No. Your child has autism. And the longer you wait to accept the diagnosis, the more precious time your child loses. Early Intervention is KEY!
But do not despair. There is information. There is support. There is hope. There is treatment. There is recovery. There are kids healing. Lots of them.
Is Denial always bad?
As the first step in the five stages of grief, denial is a common and even necessary part of the process. It is part of self-preservation – “if my son doesn’t have autism, he’ll be fine”. “This doctor wasn’t very nice and only saw my son for 10 minutes so I’ll just get another diagnosis”.
One TACA mom with who I spoke, told me that during her relentless pursuit, and receipt of, five separate diagnoses of autism, she needed to hold onto to denial to help her grieve. Not every parent may see autism as a reason to grieve or deny, but some may find it heart wrenching and scary.
The bad part of denial is that all it does really, is delay the inevitable and potentially even waste precious time for getting help, support and services at an extremely crucial age. It doesn't facilitate the process of your child's development and progress and is ultimately therefore, not beneficial. The experience of diagnosis and autism itself is highly individualized, but the end needs to be the same – GET YOUR CHILD HELP NOW! And as my mother use to tell me “Put on your big girl panties and deal with it”.
AA for autism
“To truly be helped, you must first admit you have a problem” is a tenet of Alcoholics Anonymous. It’s true here too. We can help those who are ready to be helped.
Patience is a virtue and TACA parents have buckets of it. We’ve all been where you are today, in denial. We will be here when you need us. For support. For understanding. For hope.
Hope outweighs denial.

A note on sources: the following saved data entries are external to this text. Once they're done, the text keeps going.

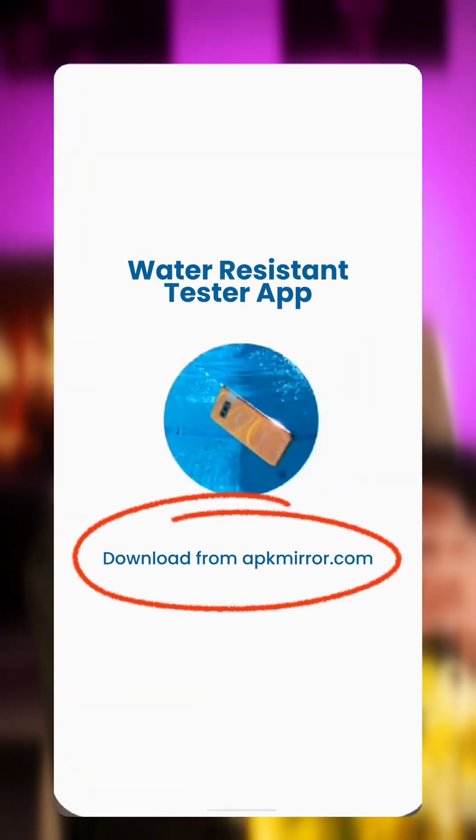Fortunately, there's a way to test this without risking your phone. This water-resistant tester app uses your phone's built-in barometer to check if your water seals are still intact, so you don't need to submerge your phone inside water to check.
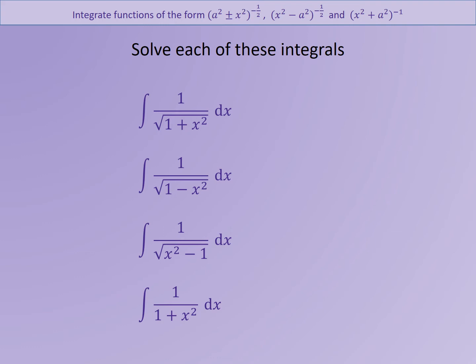A2 Further Maths, further integration. What I'd like to do is see if you can integrate those four functions. Have a go integrating those, let's pause, we'll move on.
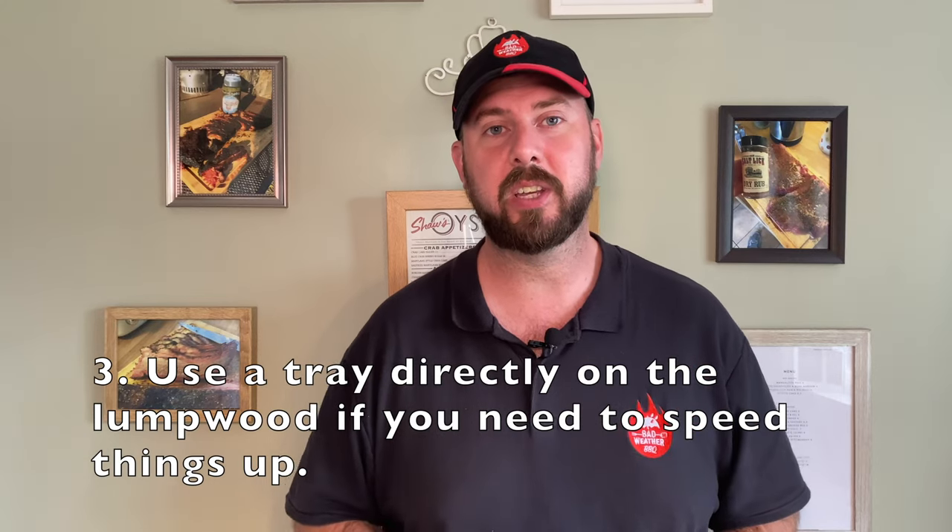Number three: if you are cooking Mediterranean veggies like I was tonight, you'll notice I was cooking them in a tinfoil tray. If you need to speed things up a little bit, it's perfectly fine to take that tray out and actually just put it directly on the lumpwood. Just don't leave it unattended because they will burn.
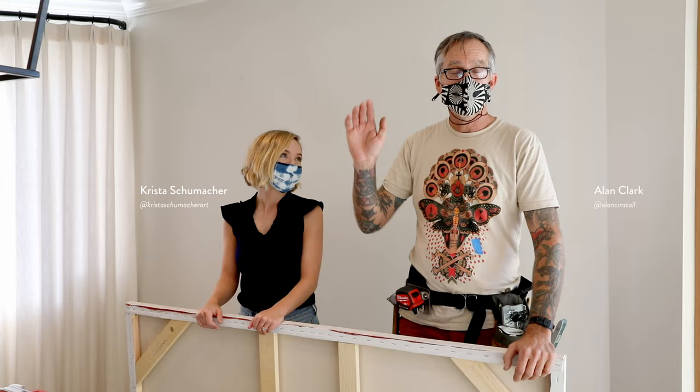Hi, my name is Krista Schumacher and I'm an artist in San Diego. And I'm Alan Clark, with Alan Clark Art Installations. And today we're going to demonstrate how to hang a painting.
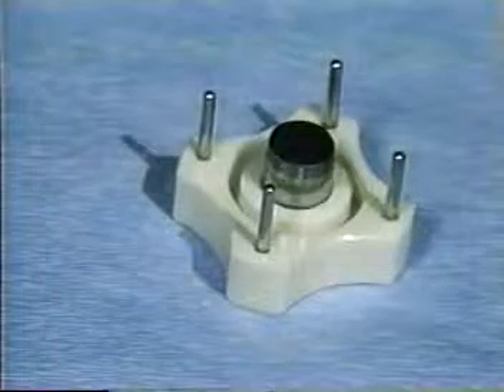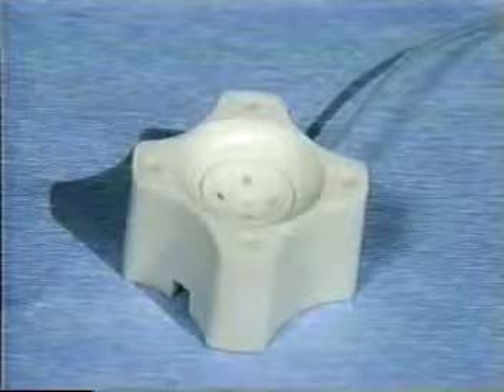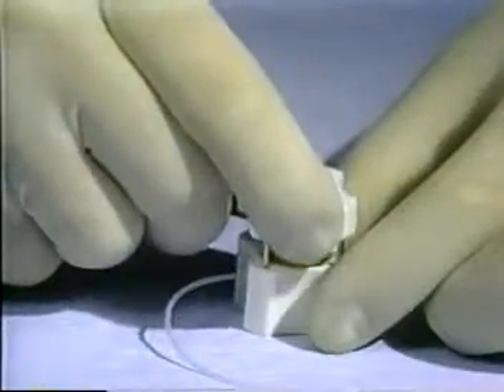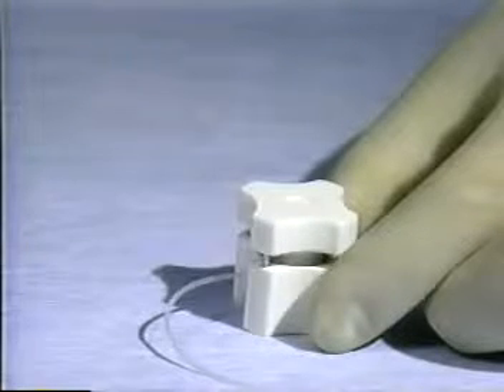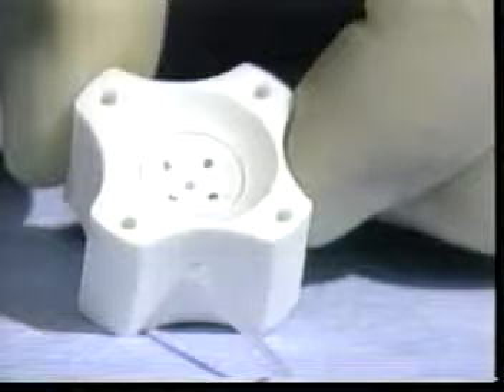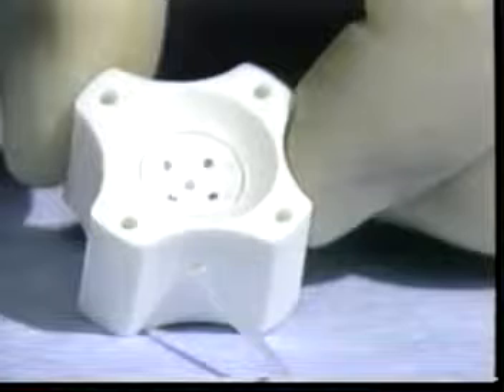One of the two instruments which make up the Barron system is the vacuum donor cornea punch. It consists of a blade assembly, a seating ring, and a cutting block with a small silicone tube attached to a syringe with a spring-loaded plunger. The cutting block has four holes where the steel guideposts of the blade assembly fit to make sure the blade is perpendicular and centered.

Hope is achievable. Hope is real. Hope heals.
My son got very sick back in 1998 after his MMR and stopped waving, pointing and talking very quickly. A light was snuffed out. He started banging his head, screaming 24/7, had caustic, blistering diarrhea running down his legs. As a parent it was heart-wrenching to watch and be unable to do anything to help him.
The doctors all told me the same thing: "Get rid of him because he's never going to be able to do what other kids can, will only get more and more violent and you'll have to put him in an institution anyway, so you may as way well do it while he's still little and before he hurts someone."

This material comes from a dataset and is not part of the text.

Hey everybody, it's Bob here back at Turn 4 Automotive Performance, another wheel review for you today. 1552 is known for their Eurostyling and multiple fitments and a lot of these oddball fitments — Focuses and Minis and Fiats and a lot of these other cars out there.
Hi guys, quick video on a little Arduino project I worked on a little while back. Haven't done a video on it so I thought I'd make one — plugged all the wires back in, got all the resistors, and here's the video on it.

Sorry, what did you just say about my 2 year and 8 month old son who is clearly in pain and sick? Yes, that's what several of the "best experts" in autism said to me. Really.
Thankfully, I never listened to them and got my son into treatment ASAP - diet, biomedical treatments, OT, Speech, Floortime and ABA. Today, he's a lovely, gentle, awesome 17 year old who can talk, read, go anywhere, anytime without "routine" issues, snow skis, sings karaoke, and much more. Hope did that. And it can do it for your child too.